Cowboys remain an American emblem to the French. They have seen enough westerns to have a clear idea of what cowboys should look like: proud, rugged, dirt-flecked — and white.

African-Americans, both enslaved and free, in fact, accounted for large percentages of cattlemen on horseback in the Old West. Yet images of black horsemen are rare in the American imagination — and in the Hollywood depictions that are broadcast worldwide. (The stereotype of a white cowboy is so enduring that Quentin Tarantino, in his subversive “Django Unchained,” made a running joke of bystanders being scandalized by Jamie Foxx’s avenging freed slave riding into town.)

Redressing that inaccuracy became a project for the Algerian-French artist Mohamed Bourouissa, who spent nearly a year in Philadelphia living among the young men of the Fletcher Street Urban Riding Club, one of several remaining equestrian societies founded by black riders who migrated north in the early 20th century.

After months of studying, listening to the community and making preparatory drawings, the artist and the horsemen came together to hold a daylong competition that combined art and horsemanship, staged for the neighborhood. The results are on view now in “Urban Riders,” at the Musée d’Art Moderne de la Ville de Paris, which unites Mr. Bourouissa’s films, sculptures and drawings with the festive, resourceful costumes the men of Philadelphia designed for their four-legged collaborators.

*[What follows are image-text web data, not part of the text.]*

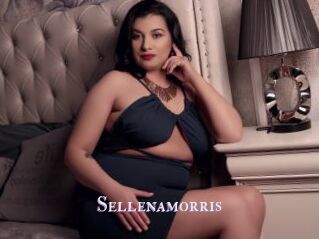 Sellenamorris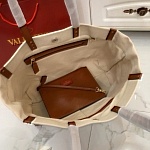 2020 Cheap Valentino Handbags For Women # 221754, cheap Valentino Handbags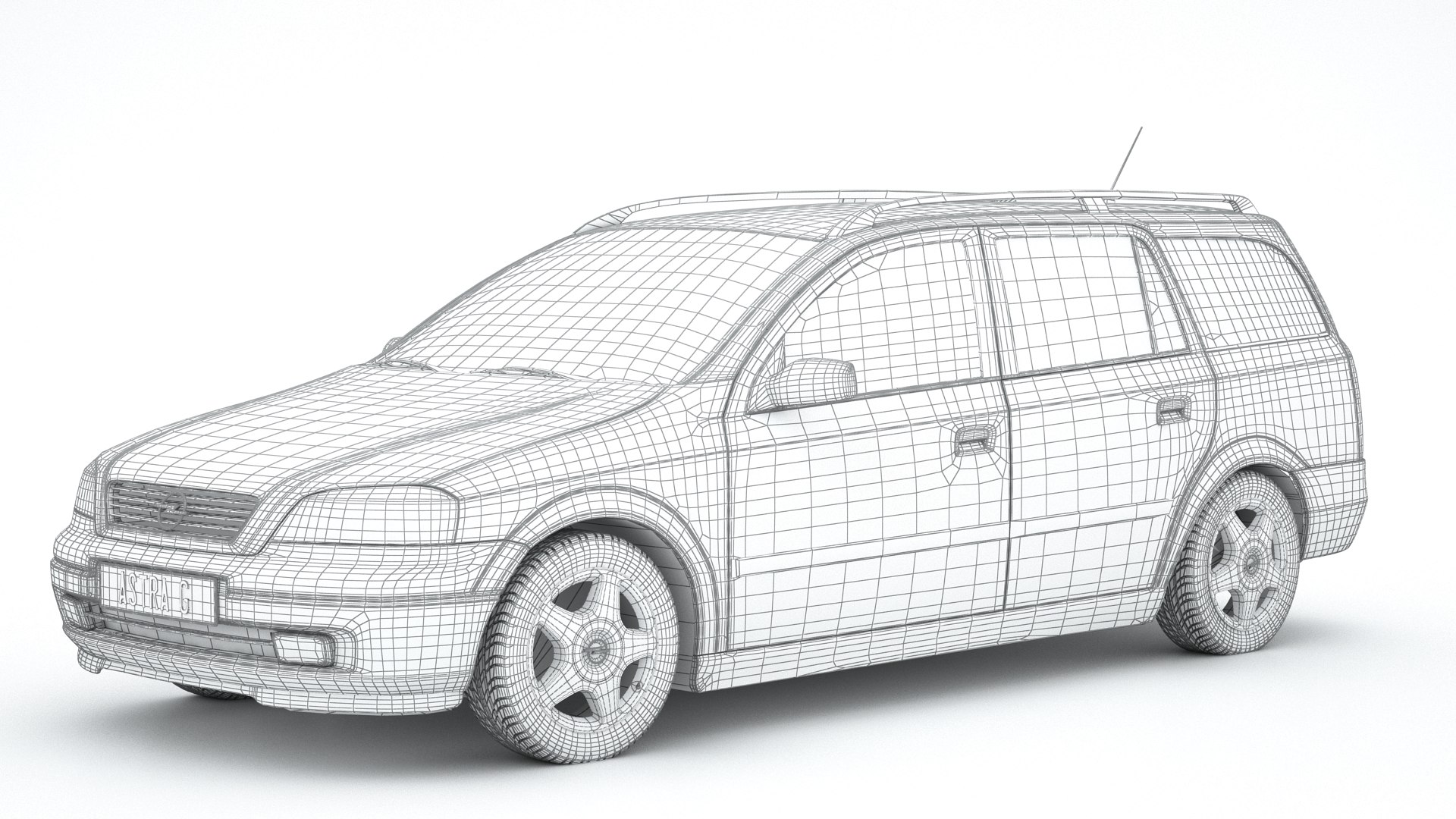 Opel Astra G Station Wagon 3D model https://p.turbosquid.com/ts-thumb/DU/XY7IWd/j3/12/jpg/1751572918/1920x1080/fit_q87/22e9aa8d4f8588170416cd90caa30c85f2f960f3/12.jpg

Mr. Bourouissa, who was born in Algiers in 1978 and is shortlisted for this year's Prix Marcel Duchamp (France's most prestigious art prize), began his career as a photographer. His magnificent series “Périphérique” (2005-09), a precise but devastating clapback to stereotypes of the French suburbs, with pictures of black and Arab youths in the stairwells and underpasses they traverse every day, but posed with the meticulousness of formal portraiture.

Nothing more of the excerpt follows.